Eugénie Salebongo Basoy, secrétaire générale au commerce extérieur est visée par une plainte au Parquet général de Kinshasa/Gombe. L’initiative émane des agents et cadres du Programme Intégré Renforcé (CIR), un programme de l’Organisation Mondiale du Commerce (OMC) qui vient en appui aux pays les moins avancés (PMA).
Se confiant à ACTU7.CD, ces agents et cadres reprochent à Eugénie Salebongo Basoy le « licenciement abusif et massif » dont ils sont victimes.

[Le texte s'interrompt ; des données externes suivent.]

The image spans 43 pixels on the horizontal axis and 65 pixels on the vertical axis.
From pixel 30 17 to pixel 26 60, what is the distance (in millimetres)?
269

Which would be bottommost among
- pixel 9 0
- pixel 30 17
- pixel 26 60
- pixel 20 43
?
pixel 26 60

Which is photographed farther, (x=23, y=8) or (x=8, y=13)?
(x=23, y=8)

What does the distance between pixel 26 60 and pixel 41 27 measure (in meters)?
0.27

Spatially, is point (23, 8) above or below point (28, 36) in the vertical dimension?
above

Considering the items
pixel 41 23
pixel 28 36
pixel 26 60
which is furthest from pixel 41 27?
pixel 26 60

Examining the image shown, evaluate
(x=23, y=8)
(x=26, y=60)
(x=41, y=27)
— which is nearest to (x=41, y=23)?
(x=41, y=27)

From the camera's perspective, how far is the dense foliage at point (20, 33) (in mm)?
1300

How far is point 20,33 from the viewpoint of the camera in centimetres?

« Eugénie Salebongo Basoy a en violation des prescrits des articles 73 alinéa 2, 76 et 79 de la loi numéro 015/2022 du 16 octobre 2022 portant code du travail, refusé de notifier aux agents du programme CIR, la fin de leurs contrats de travail. Cependant, les agents dont les contrats de travail devraient se clôturer le 31 décembre 2020, ont continué les prestations sur ordre de la hiérarchie jusqu’au 31 août 2021, date où ils ont été informés d’une nouvelle mise en place au sein du ministère (commerce extérieur) », dénoncent-ils.
Et d’ajouter, « contre toute attente, la secrétaire générale et point focal du programme CIR a profité de cette occasion pour remplacer les contractuels du programme par les personnes de son entourage au sein du ministère, sous prétexte qu’ils (les agents et cadres du programme CIR) ne sont pas mécanisés ».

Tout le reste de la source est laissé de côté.